Dataset content ->
--*--
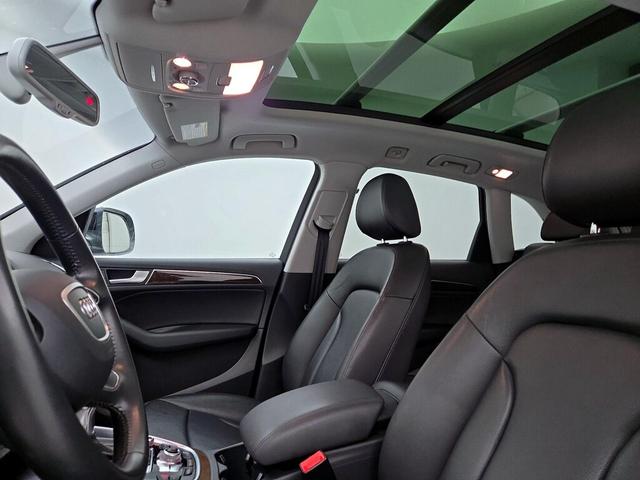 Photo of 2017 Gray Audi Q5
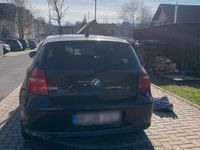 gebraucht BMW 118 i TÜV 12/25, Navi, SHZ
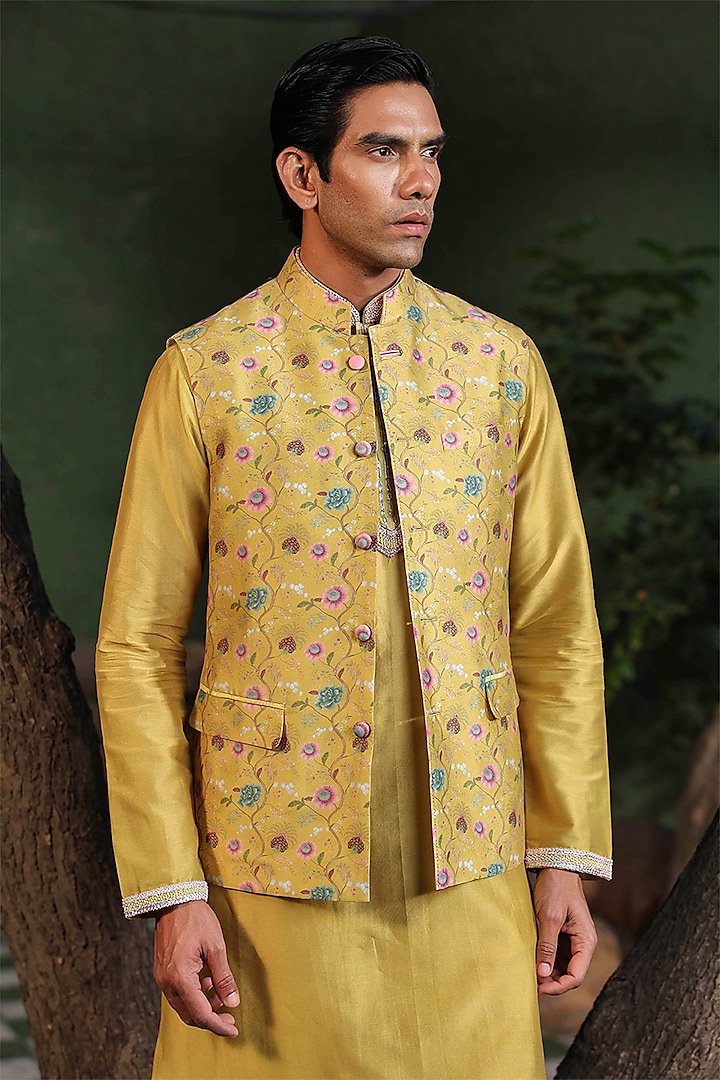 Yellow Fine Silk Chanderi Printed Bundi Jacket by Niti Bothra Men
--*--
What to do ->
Drop the pictures, then transcribe the lines from the one containing "gebraucht BMW 118 i TÜV 12/25, Navi, SHZ" to the end of the data above, exactly and nothing more.

Reply to the exercise ->
 gebraucht BMW 118 i TÜV 12/25, Navi, SHZ
 Yellow Fine Silk Chanderi Printed Bundi Jacket by Niti Bothra Men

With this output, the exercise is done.